While passing off is on the rise in China, legal instruments are available to guard against it. A coordinated strategy should use different IP laws to provide comprehensive protection
The way that products are packaged plays an increasingly important role in today’s marketing landscape. A walk down the aisles of any retail store confirms this: original shapes, special colour combinations, bright logos and inventive labels all illustrate the importance that marketers place on the aesthetic appeal of packaging. The aim is to create a strong visual impact to attract potential buyers and lure them away from competing products.

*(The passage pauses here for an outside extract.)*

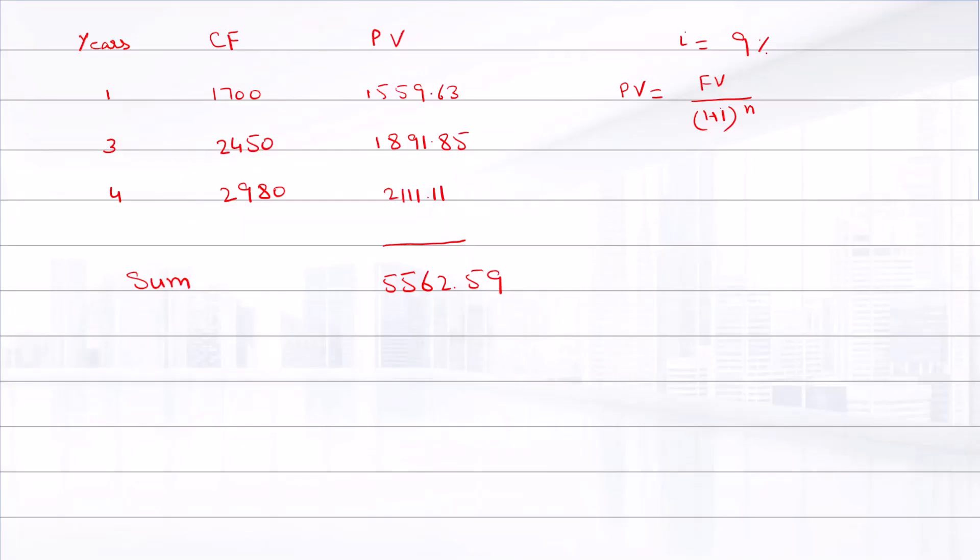But the present value of all four cash flows is $7,500 minus $5,562.59, and the answer is $1,937.41.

As a consequence, packaging has become a valuable asset for brand owners, both because of the role it plays in product recognition and because of the creativity and substantial financial investment required to develop a unique and distinctive container that will help promote market recognition.
The rise of passing off
Passing off is becoming more common around the world and China is no exception. With a growing middle class and more affluent consumers willing to pay for quality and product integrity, Chinese consumers have developed stronger brand awareness, resulting in increased brand loyalty. At the same time, more and more products – both foreign and local – are entering the market, resulting in more and more purchasing options. The way that companies package their goods can play a crucial part in the purchasing process and in some sectors has become critical to success.

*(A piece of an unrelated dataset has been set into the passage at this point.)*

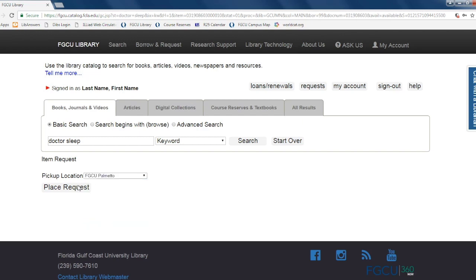Once the location has been selected, click place request and your item will be delivered to your intended location.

As a result, however, packaging is increasingly being copied by Chinese competitors in a wide variety of sectors, from food and beverages to cosmetics and oil lubricants. This phenomenon is apparent in the growth of blatant copies where brand owners’ rights are clearly infringed, as well as in less obvious forms of copying, where original products are subtly called to mind in a way that still takes unfair advantage of the distinctive character of the original packaging and the reputation of the original goods.
In the West, some sectors are all too familiar with the phenomenon of passing off. Owners of strong and successful brands in the food and beverage sector, for example, have long had to deal with subtle forms of copying by low-cost retailers, which commercialise competing products under their own brands, but with packaging that clearly refers to the original product. By doing this, retailers indirectly communicate comparability with the original product and free ride on the original goods’ reputation to benefit from their power of attraction.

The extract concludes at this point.